How beautiful and delightful on the mountains are the feet of him who brings good news,
Who announces peace, who brings good news of good things,
Who announces salvation, who says to Zion, “Your God reigns!” (Isaiah 52:7, Ampl)
And I heard, as it were, the voice of a great multitude, as the sound of many waters and as the sound of mighty thunderings, saying, “Alleluia! For the Lord God Omnipotent reigns! (Revelation 19:6, NKJV)
We, the church, the new Jerusalem, avert evil on every level of society. The church, the Bride of Christ, is not a denomination. It is the blood bought children of the Father with a testimony on their lips that overcome the beast, the dragon, the gleaming serpent or whatever else this raging monster of destruction is called.
Our victory is not to be found in organized religion. We overcome by the Blood of the Lamb and the word of our testimony (Revelation 12:11). We are the martyrs, the remnant that carries the crest of the Cross and endure the persecution.

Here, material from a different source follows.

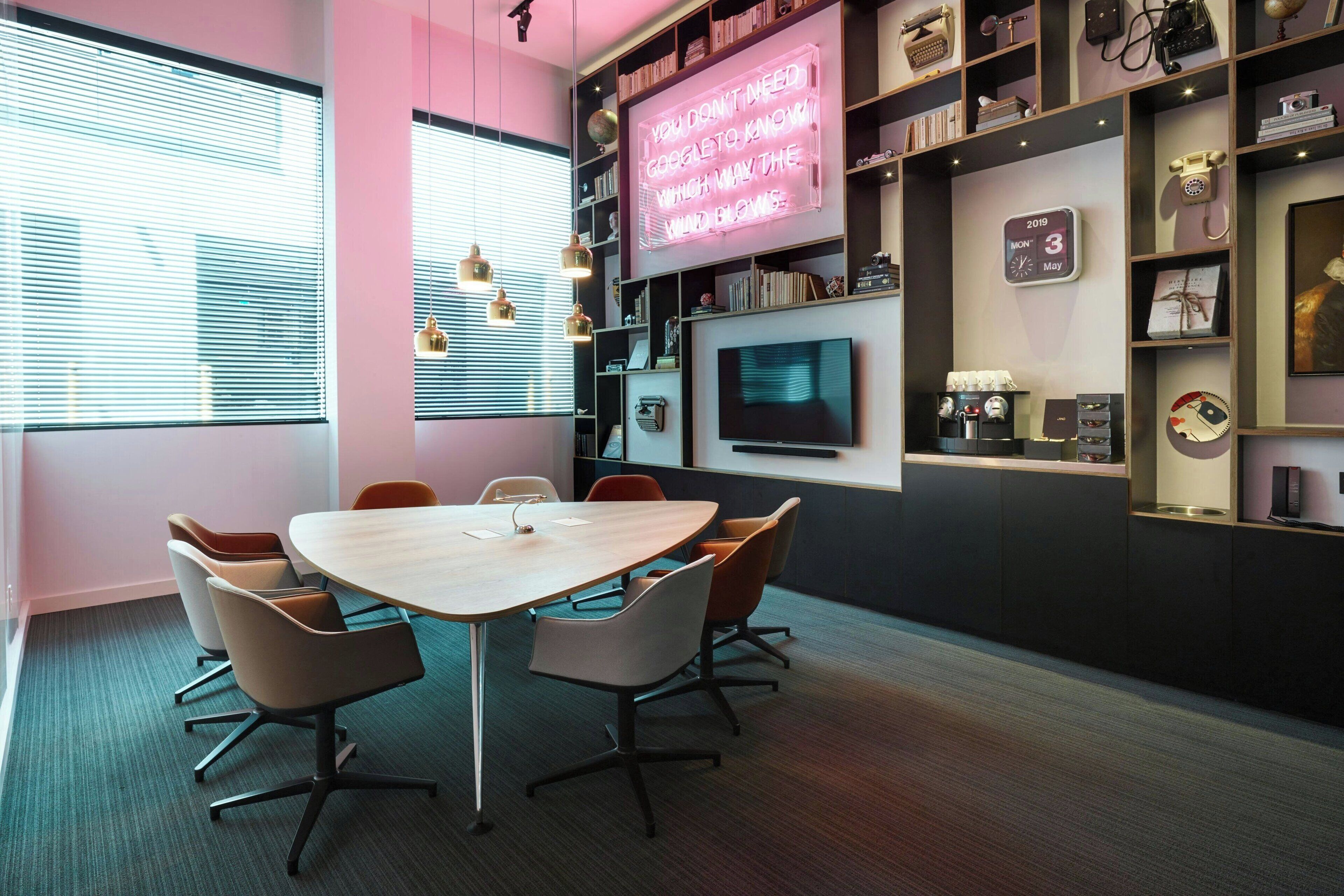A modern meeting room with a wooden table, comfortable chairs, a large TV, and shelves with various items.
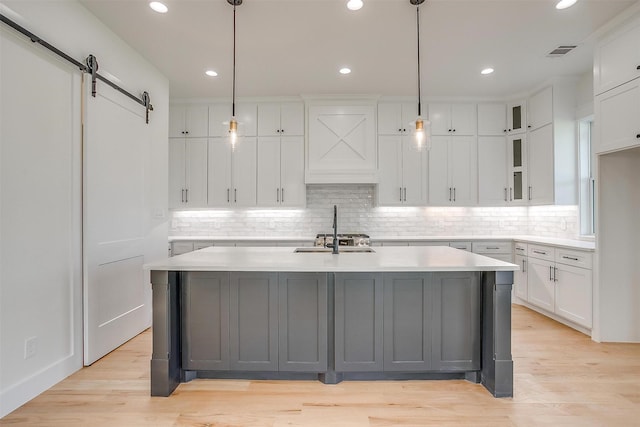 138 Buddy Ct, Millsap, TX 76066 - kitchen featuring a sink, white cabinetry, light countertops, a center island with sink, and backsplash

Be aware that we are persecuted and surrounded from all sides. Apart from the physical persecution of the early church and Christians today in many parts of the world where their testimony is a death sentence, we, who enjoy religious freedom, are battered with constant assault on all levels of society, whether it is in the realm of family, education, government and politics, the media, the arts, philosophy, business and religion, not to mention the garbage and pollution that threaten our earth.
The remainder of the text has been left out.